Anand G., Bridge H., Rackstraw P., Chekroud AM., Yong J., Stagg CJ., Pike M.
AIM: Paediatric opsoclonus-myoclonus syndrome (OMS) is a poorly understood condition with long-term cognitive, behavioural, and motor sequelae. Neuroimaging has indicated cerebellar atrophy in the chronic phase, but this alone may not explain the cognitive sequelae seen in many children with OMS. This study aimed to determine the extent of structural change throughout the brain that may underpin the range of clinical outcomes. METHOD: Nine participants with OMS (one male, eight females; mean age [SD] 14y, [6y 5mo], range 12-30y) and 10 comparison individuals (three males, seven females; mean age 12y 6mo, [4y 9mo], range 10-23y) underwent magnetic resonance imaging to acquire T1-weighted structural images, diffusion-weighted images, and magnetic resonance spectroscopy scans.

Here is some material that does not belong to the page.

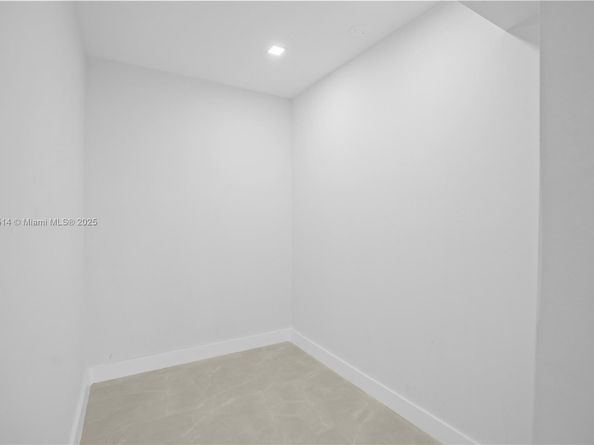 5280 SW 90th Ave, Cooper City FL 33328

Neuroblastoma had been present in four participants with OMS. Voxel-based morphometry was used to determine changes in grey matter volume, tract-based spatial statistics to analyze white matter integrity, and Freesurfer to analyze cortical thickness across visual and motor cortices. RESULTS: Whole-brain analysis indicated that cerebellar grey matter was significantly reduced in the patients with OMS, particularly in the vermis and flocculonodular lobe. A region-of-interest analysis indicated significantly lower cerebellar grey matter volume, particularly in patients with the greatest OMS scores. Diffusion-weighted images did not show effects at a whole brain level, but all major cerebellar tracts showed increased mean diffusivity when analysis was restricted to the cerebellum. Cortical thickness was reduced across the motor and visual areas in the OMS group, indicating involvement beyond the cerebellum. INTERPRETATION: Across individuals with OMS, there is considerable cerebellar atrophy, particularly in the vermis and flocculonodular lobes with atrophy severity associated with persistent symptomatology. Differences in cerebral cortical thickness indicate disease effects beyond the cerebellum.